The Cubs remain very much in the mix for Correa and Atlanta shortstop Dansby Swanson, according to multiple sources — one of several teams with offers on the table for Correa.

But when Judge returned to the Yankees on a nine-year, $360 million deal, it meant the other top cash-waving team in hot pursuit of Judge — the Giants — started waving the hundreds of millions burning a hole in their pocket at a new top target: Correa.

That’s not to say the Cubs don’t have the means to compete against any team for either shortstop — even after spending $85.2 million on pitcher Jameson Taillon and centerfielder Cody Bellinger Tuesday.

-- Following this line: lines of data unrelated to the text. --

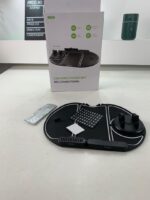 ⁦Tapis De Téléphone Antidérapant pour Voiture 6en1 Rotation à 360° – منظم أغراض في سيارة⁩ - الصورة ⁦7⁩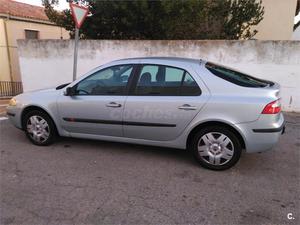 RENAULT Laguna AUTHENTIQUE V 5p.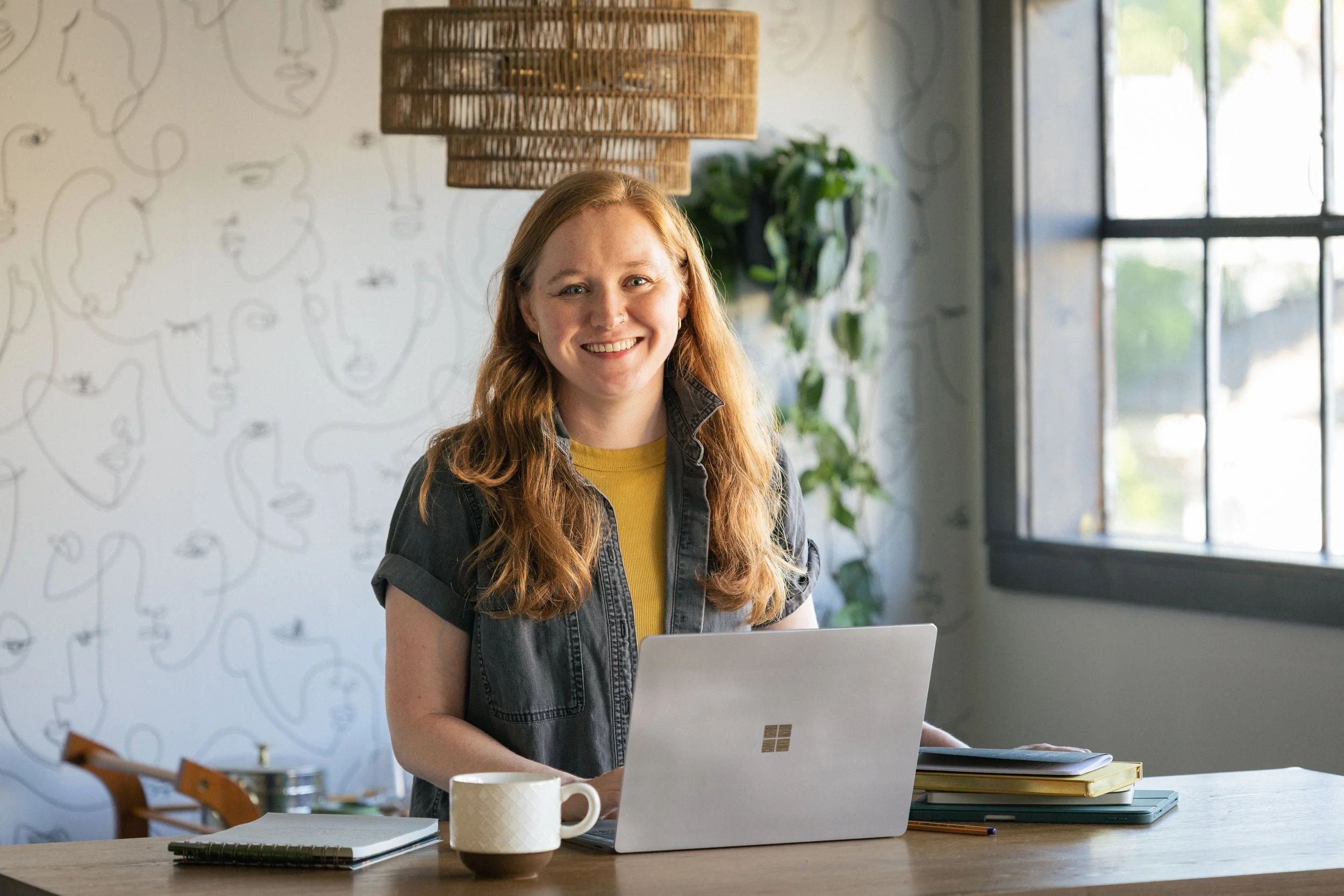 Paige Madden Design | Custom Branding & Squarespace Website Design Studio | Chico, CA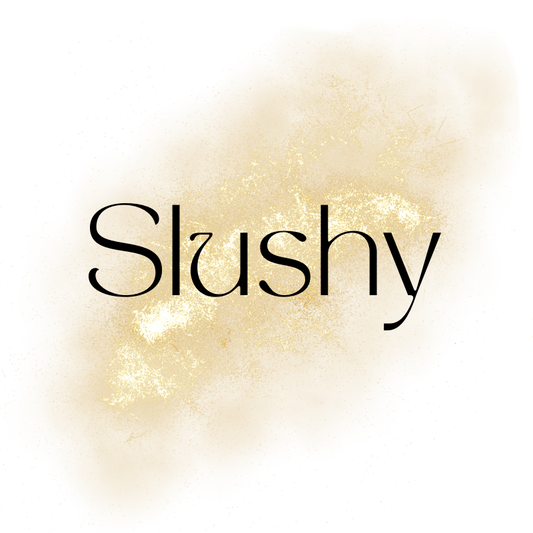 Slushy Cup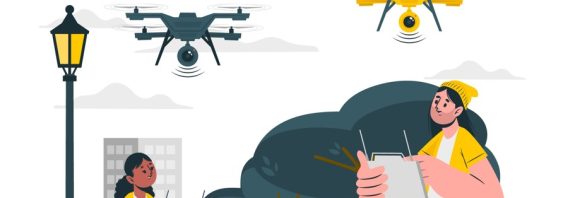 What is a UAV Що таке БПЛА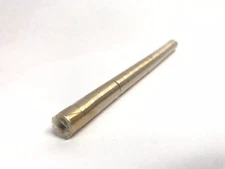 Misumi SHBZ6-8 Oil Free Bushings 10mm OD 8mm L 6mm ID Bronze Straight LOT OF 20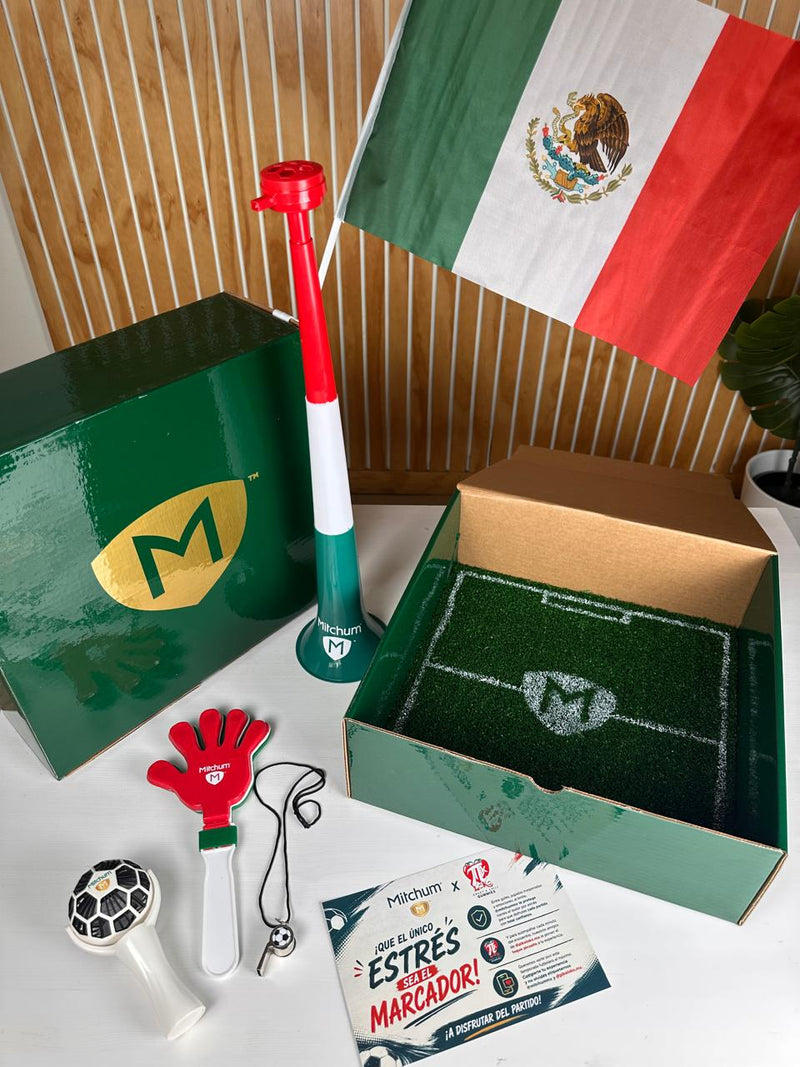 El Mundial 2026 no solo un torneo de futbol, es el evento comercial más grande de la década,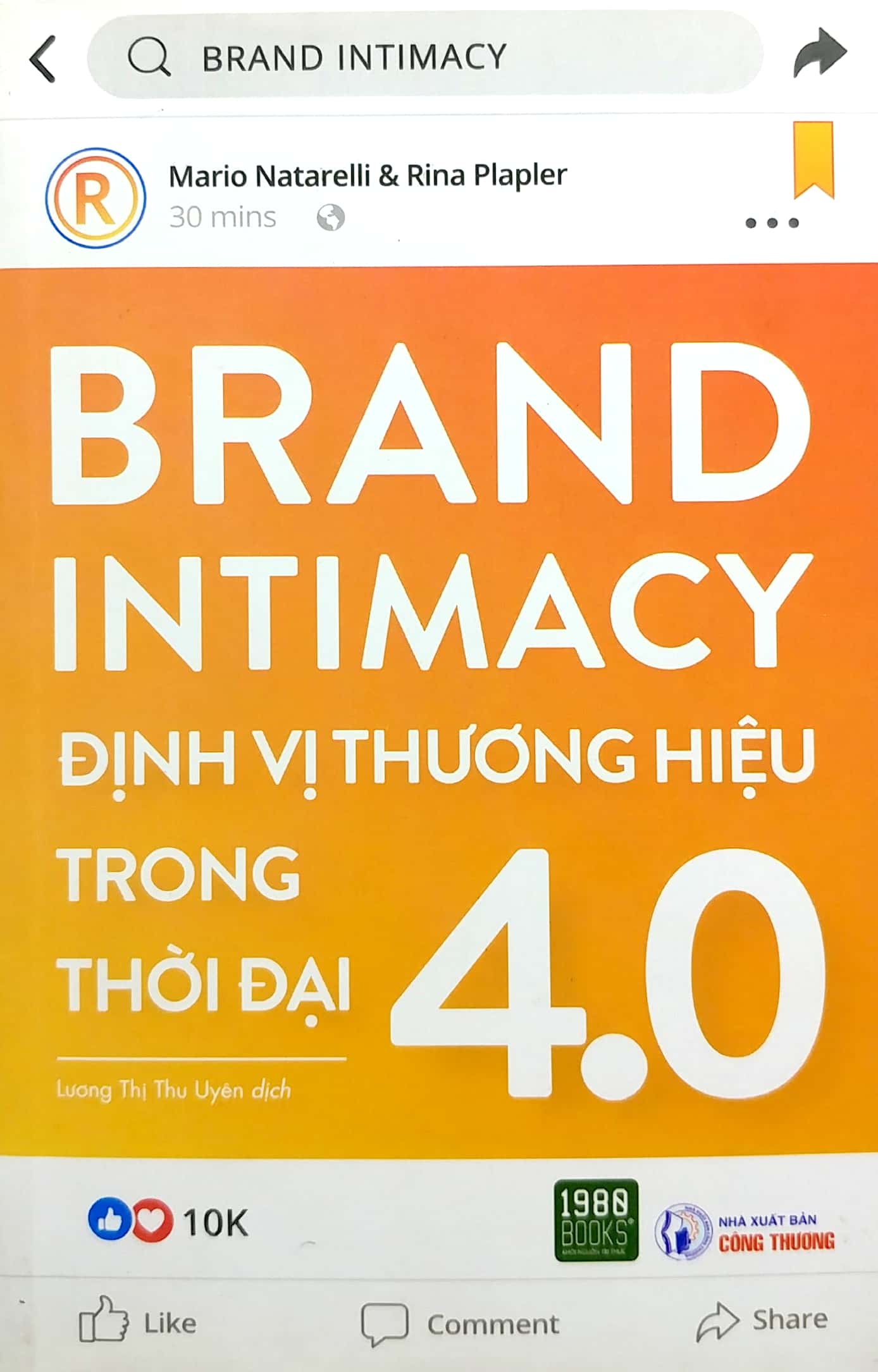 định vị thương hiệu trong thời đại 4.0 - Ảnh 4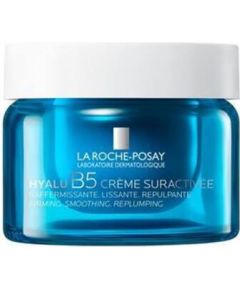 La Roche-posay Hyalu B5 Suractivated Cream - Hydratační pleťový krém s kyselinou hyaluronovou 50ml Smaržas - NESAKĀRTOTS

But as the Cubs’ top executives began heading home from San Diego on the final day of the Winter Meetings Wednesday, the job of landing the ideal-fit Correa started looking a lot more expensive, which made a pivot to Swanson start looking more likely.

Either way, both markets only got hotter with the news late Wednesday night that the big-spending Padres — the third team involved in the Judge bidding — landed Boston's Xander Bogaerts on an 11-year, $280 million deal.

That left just the Cubs' targets standing among this year's four elite free agent shortstops.

Correa already looked like a strong candidate to better the 11-year, $300 million deal Trea Turner got from the Phillies on Monday — as the youngest (28) of the four and the only one not tied to a qualifying offer (and consequent draft-pick compensation for signing him).

And then came the Bogaerts deal that exceeded every outside projection of the market.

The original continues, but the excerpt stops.